Please output exactly the run of lines that starts at the line with "开云下载-冰雪与速度的双重奏" and ends at the last line of the records below.
------ RECORDS TO PROCESS
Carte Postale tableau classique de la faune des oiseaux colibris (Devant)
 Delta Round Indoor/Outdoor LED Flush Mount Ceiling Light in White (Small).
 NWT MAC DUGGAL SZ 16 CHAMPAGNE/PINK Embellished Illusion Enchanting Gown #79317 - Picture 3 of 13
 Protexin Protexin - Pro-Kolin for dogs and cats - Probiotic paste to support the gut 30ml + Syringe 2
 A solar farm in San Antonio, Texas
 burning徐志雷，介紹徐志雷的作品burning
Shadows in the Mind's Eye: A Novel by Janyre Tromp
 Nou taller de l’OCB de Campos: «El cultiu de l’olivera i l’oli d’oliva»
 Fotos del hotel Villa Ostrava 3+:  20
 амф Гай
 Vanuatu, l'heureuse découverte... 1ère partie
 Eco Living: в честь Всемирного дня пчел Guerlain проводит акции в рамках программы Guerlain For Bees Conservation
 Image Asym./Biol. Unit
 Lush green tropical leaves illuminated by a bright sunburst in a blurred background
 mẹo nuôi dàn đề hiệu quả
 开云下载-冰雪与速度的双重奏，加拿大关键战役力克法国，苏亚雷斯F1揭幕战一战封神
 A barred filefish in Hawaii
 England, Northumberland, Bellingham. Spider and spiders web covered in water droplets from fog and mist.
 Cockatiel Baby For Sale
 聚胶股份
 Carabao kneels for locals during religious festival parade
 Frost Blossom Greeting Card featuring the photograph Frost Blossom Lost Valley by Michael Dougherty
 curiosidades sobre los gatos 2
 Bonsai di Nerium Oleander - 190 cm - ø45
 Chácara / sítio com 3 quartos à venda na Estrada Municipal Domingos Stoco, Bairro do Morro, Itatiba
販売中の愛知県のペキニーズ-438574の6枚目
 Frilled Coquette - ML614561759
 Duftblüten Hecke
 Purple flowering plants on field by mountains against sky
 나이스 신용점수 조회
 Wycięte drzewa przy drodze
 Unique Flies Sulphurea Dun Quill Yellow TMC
------------
SOLUTION BELOW:
 开云下载-冰雪与速度的双重奏，加拿大关键战役力克法国，苏亚雷斯F1揭幕战一战封神
 A barred filefish in Hawaii
 England, Northumberland, Bellingham. Spider and spiders web covered in water droplets from fog and mist.
 Cockatiel Baby For Sale
 聚胶股份
 Carabao kneels for locals during religious festival parade
 Frost Blossom Greeting Card featuring the photograph Frost Blossom Lost Valley by Michael Dougherty
 curiosidades sobre los gatos 2
 Bonsai di Nerium Oleander - 190 cm - ø45
 Chácara / sítio com 3 quartos à venda na Estrada Municipal Domingos Stoco, Bairro do Morro, Itatiba
販売中の愛知県のペキニーズ-438574の6枚目
 Frilled Coquette - ML614561759
 Duftblüten Hecke
 Purple flowering plants on field by mountains against sky
 나이스 신용점수 조회
 Wycięte drzewa przy drodze
 Unique Flies Sulphurea Dun Quill Yellow TMC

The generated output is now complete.